Adora decides to return to Etheria to aid the Rebellion, a decision accepted by her family, and the Sorceress sends Adora and Spirit back to Etheria, telling them they can use the Sword of Protection to summon aid from Eternia should they ever need it. Adam and Cringer tag along, offering to "help Adora get the Rebellion off to a big start".

As He-Man and She-Ra, the twins help the Rebels liberate Bright Moon, learning more about She-Ra's powers in the process (including using empathy to communicate with the wild animals of the Whispering Woods and healing Swift Wind when he is injured by the Horde).
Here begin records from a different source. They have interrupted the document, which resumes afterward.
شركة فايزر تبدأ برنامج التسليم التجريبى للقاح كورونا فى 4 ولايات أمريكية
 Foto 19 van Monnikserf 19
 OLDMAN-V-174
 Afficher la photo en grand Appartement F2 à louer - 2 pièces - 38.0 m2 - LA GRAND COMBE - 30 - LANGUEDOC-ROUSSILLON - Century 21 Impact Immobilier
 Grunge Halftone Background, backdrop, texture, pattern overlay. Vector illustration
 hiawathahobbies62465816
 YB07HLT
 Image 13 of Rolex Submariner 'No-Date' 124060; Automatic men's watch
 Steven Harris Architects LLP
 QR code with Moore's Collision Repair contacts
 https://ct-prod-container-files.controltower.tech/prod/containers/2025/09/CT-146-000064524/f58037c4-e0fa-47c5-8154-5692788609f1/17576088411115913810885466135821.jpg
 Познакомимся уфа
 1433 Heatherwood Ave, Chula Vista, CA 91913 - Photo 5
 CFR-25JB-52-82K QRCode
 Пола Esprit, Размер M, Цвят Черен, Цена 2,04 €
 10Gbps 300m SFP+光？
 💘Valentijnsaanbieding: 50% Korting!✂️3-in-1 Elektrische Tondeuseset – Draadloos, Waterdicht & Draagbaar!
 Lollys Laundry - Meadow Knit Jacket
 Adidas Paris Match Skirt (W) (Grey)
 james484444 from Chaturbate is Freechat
He-Man and Battle Cat then return to Eternia, while She-Ra and Swift Wind resolve to stay until all of Etheria is free.

Cast
 John Erwin as Prince Adam / He-Man, Beast Man, Webstor
 Melendy Britt as Princess Adora / She-Ra, Catra, Hunga the Harpy
 Alan Oppenheimer as Skeletor, Man-at-Arms, Cringer / Battle Cat, Bald Rebel, Chef Alan
 Linda Gary as Teela, Queen Marlena, Sorceress of Castle Grayskull, Shadow Weaver, Glimmer, Madame Razz, Scorpia
 George DiCenzo as Bow, Hordak
 Erika Scheimer as Queen Angella, Imp
 Lou Scheimer as King Randor, Swift Wind, Kowl, Mantenna, Horde Trooper, Kobra Khan, Leech, Trap Jaw, Tri-Klops, Broom, Sprag, Sprocker, Garv the Innkeeper, Bard, Messenger, Horde Computer (as Erik Gunden)

Comic book
A comic book, He-Man and She-Ra, Secret of the Sword, was published in 1985 by Mattel Toys as part of their "The Secret of the Sword Sweepstakes." The comic was handed out at theaters prior to seeing the film. The story runs six pages and recaps the film.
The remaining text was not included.